Cuando Jesús despertó en la barca

Cristóbal Montoro no es ni un gran estratega ni un brillante orador y tiene cierta propensión a meter la pata cuando trata de hacerse el gracioso -recuérdese su defensa de la subida del IRPF como forma de «descolocar» a la izquierda- pero ha hecho un buen debate de los Presupuestos. Tanto por su dominio de los números de las cuentas del Estado, sin apenas papeles delante, como por la claridad con que centró el debate político en el antes y el después del proyecto que defendía.

Su «usted sí lo sabía, don Alfredo» llegó al corazón de lo ocurrido con el déficit oculto de 2011 y dejó en evidencia la hipocresía de Rubalcaba que, tras haber contribuido decisivamente al incendio, ahora se queja de la lentitud y torpeza de los bomberos. El dato que aportó en el sentido de que los interventores de Hacienda conocían ya a mediados de diciembre, antes de la investidura de Rajoy, que el déficit superaría el 8% zanja la polémica y pone a cada cual en su sitio: el Gobierno de Zapatero apenas si hizo ajuste alguno en el año electoral y estimuló que las autonomías ocultaran sus desviaciones por temor a que Europa tomara cartas en el asunto. Resulta, por lo tanto, mucho más creíble la denuncia de la interventora de Baleares, que explicó que hubo un pacto para guardar facturas en los cajones, que el desmentido al unísono de Bauzá y Calamity Helen, por mucho que haya llevado aparejado el cese de la funcionaria.

Pero si esta clarificación retrospectiva de Montoro fue importante, más aún resultó su inequívoca amenaza de intervención, dirigida a las autonomías que incumplan el objetivo de déficit, porque «están en juego España y el euro». Esto supone llevar la lidia de la crisis a un terreno nuevo, regido por las estrictas normas de la Ley de Estabilidad, y abre la esperanza de que la loca deriva que debía haberse rectificado hace tiempo con una reforma constitucional por razones políticas, se embride, al menos de esta manera tangencial, por motivos económicos.

El hecho de que el equipo de Artur Mas ya esté diseñando una estrategia de respuesta -consistente en apelar a las urnas- ante la hipótesis de esa intervención indica, por un lado, que el mecanismo es más verosímil de lo que pensábamos los escépticos; y por otro que en la Generalitat existe plena conciencia de que, a pesar de los esfuerzos de austeridad, sus cuentas públicas siguen en el fuera de juego en que las dejó el tripartito.
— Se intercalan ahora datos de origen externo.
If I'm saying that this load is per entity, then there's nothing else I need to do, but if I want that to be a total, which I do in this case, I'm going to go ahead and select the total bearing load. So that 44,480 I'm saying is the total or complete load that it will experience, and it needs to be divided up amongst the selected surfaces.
De ahí que el mecanismo activado por esa Ley de Estabilidad pueda tener un primer aprovechamiento si, al ser agitado como espantapájaros -la dignidad de Cataluña no podría consentir perder los resortes financieros de su autonomía- sirve como coartada para un nuevo golpe de tuerca hacia la disciplina fiscal.

Mucho más inquietante en este plano es el caso de Andalucía, pues a todas las trampas y descuadres acumulados por el PSOE, que van a seguir protegidos por la resistencia del electorado al cambio, se sumarán ahora las exigencias de gasto público de Izquierda Unida. Ahí va a estar el gran test para el Gobierno ante sus socios europeos y los mercados: una Andalucía fuera de control encendería todas las alarmas y restaría gran parte de su virtualidad a la mayoría absoluta de la que acaba de volver a jactarse Rajoy.
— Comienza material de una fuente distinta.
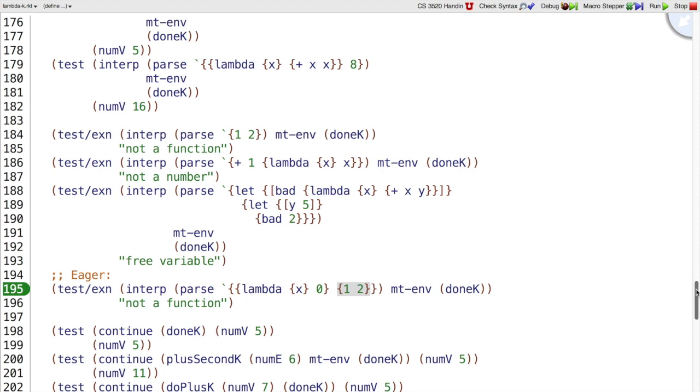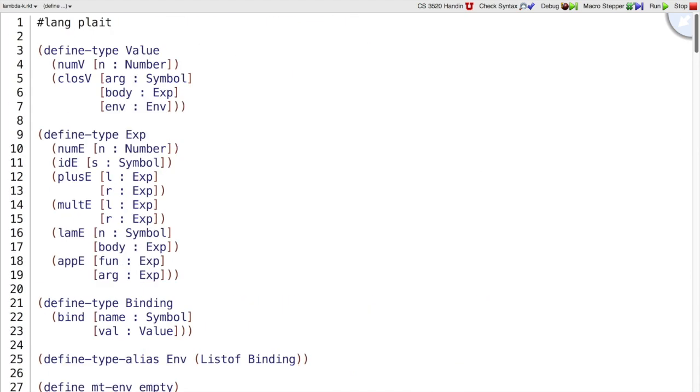This is the test case that would have failed if we added it to lambda and changed to a lazy language.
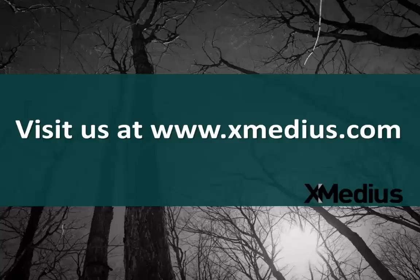Thank you for watching today's XMedius Fax tutorial video. That covers sending a fax using the XMedius Fax advanced client. If you have any questions, please feel free to visit our website at www.xmedius.com.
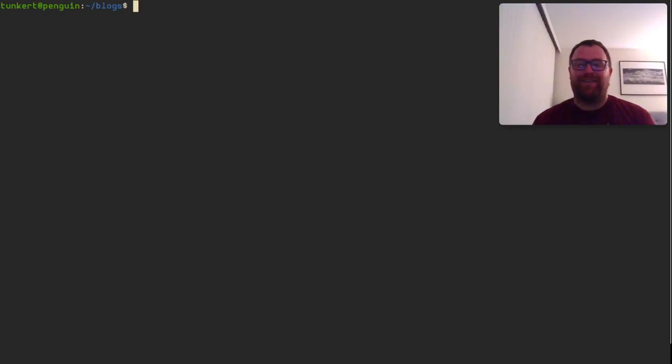Hi, Timothy Unkert here. In this video, I want to talk about the Cocoon Editor, which is a text editor for Linux in the terminal.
Por eso sería muy conveniente sentar cuanto antes el precedente de intervenir alguna de las autonomías gobernadas por el PP con ostensibles números rojos -Valencia, Murcia, Castilla-La Mancha- e imponerle drásticas medidas correctoras. No habría mejor mensaje a Griñán y Valderas, pues perderían así la baza de atrincherarse en el victimismo y presentar cualquier actuación contra la nueva Junta como una especie de vendetta selectiva contra los andaluces.

Frente a las voces que le acusan de tremendismo, el ministro de Hacienda ha recurrido a la más manida, pero certera, de las metáforas: «Estamos gobernando el barco en medio de la tempestad». Tras haber escrito un libro titulado El Primer Naufragio, que incluye no menos de una docena de intervenciones parlamentarias en las que se advertía de los riesgos que acechaban a la «nave del Estado» o al «buque de la Revolución», batido por el temporal y azotado por los vientos, cada vez más cerca de los arrecifes contra los que finalmente se estrelló, se comprenderá que yo sea especialmente sensible a este argumento y contemple con desdén a quienes, como el cochinillo de Pirrón, deambulan frívolamente por cubierta sin darse cuenta de lo que pasa.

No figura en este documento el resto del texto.